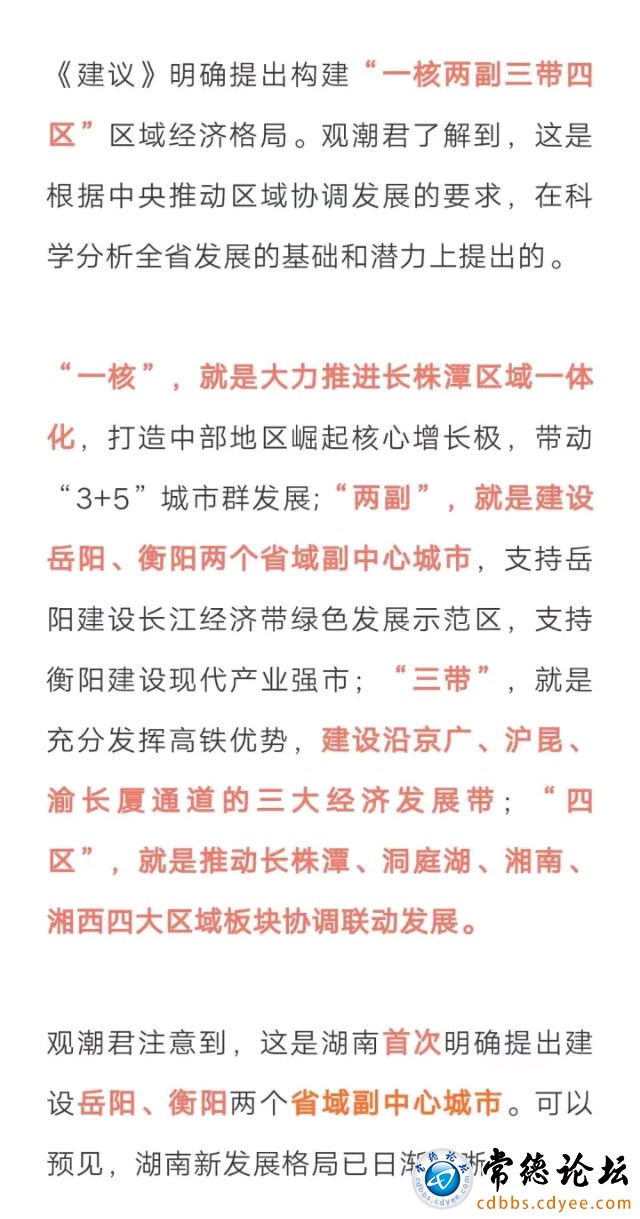 触屏版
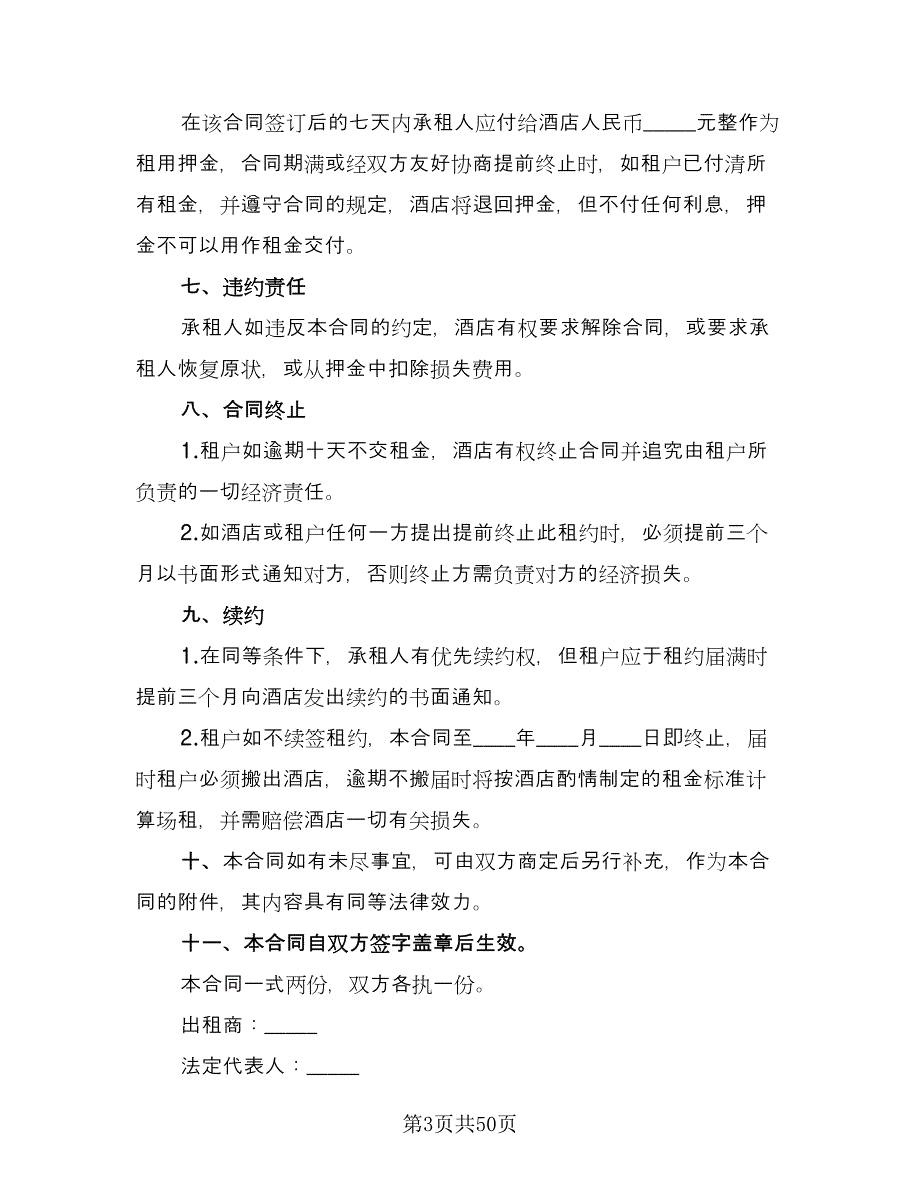 商场租赁协议标准范本（9篇）_第3页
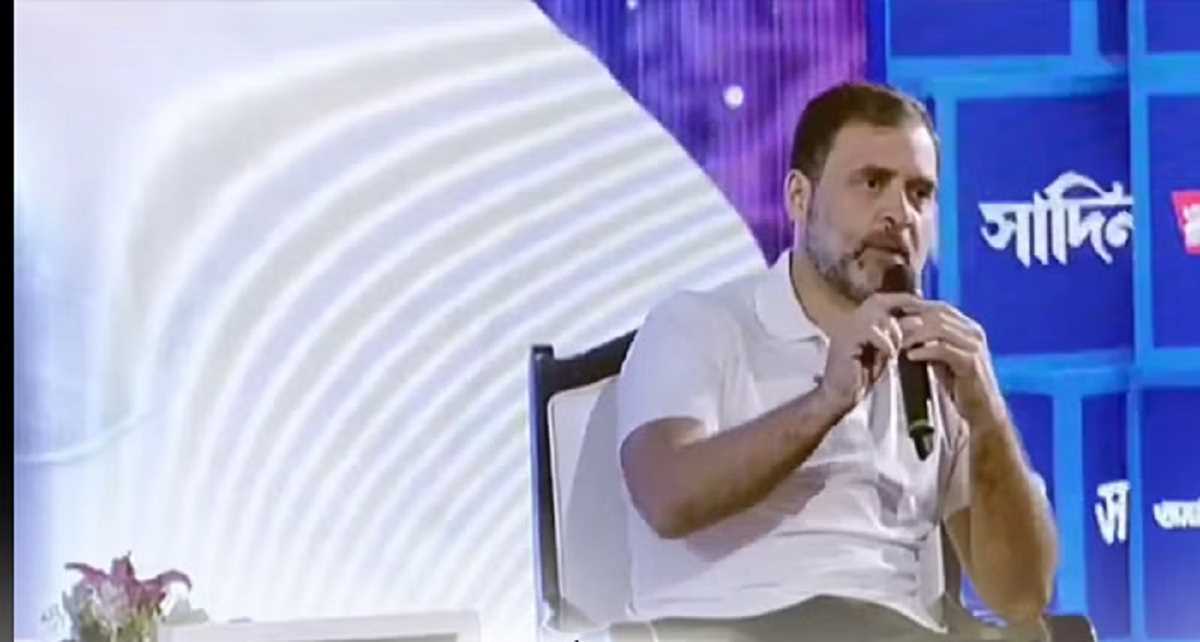 कॉन्क्लेव 2023 को राहुल गांधी ने किया संबोधित कहीं ये बड़ी बातें...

WORK REQUIRED:
Apart from the pictures, all of the data must be duplicated exactly as shown above.

COMPLETED EXERCISE:
 触屏版
 商场租赁协议标准范本（9篇）_第3页
 कॉन्क्लेव 2023 को राहुल गांधी ने किया संबोधित कहीं ये बड़ी बातें...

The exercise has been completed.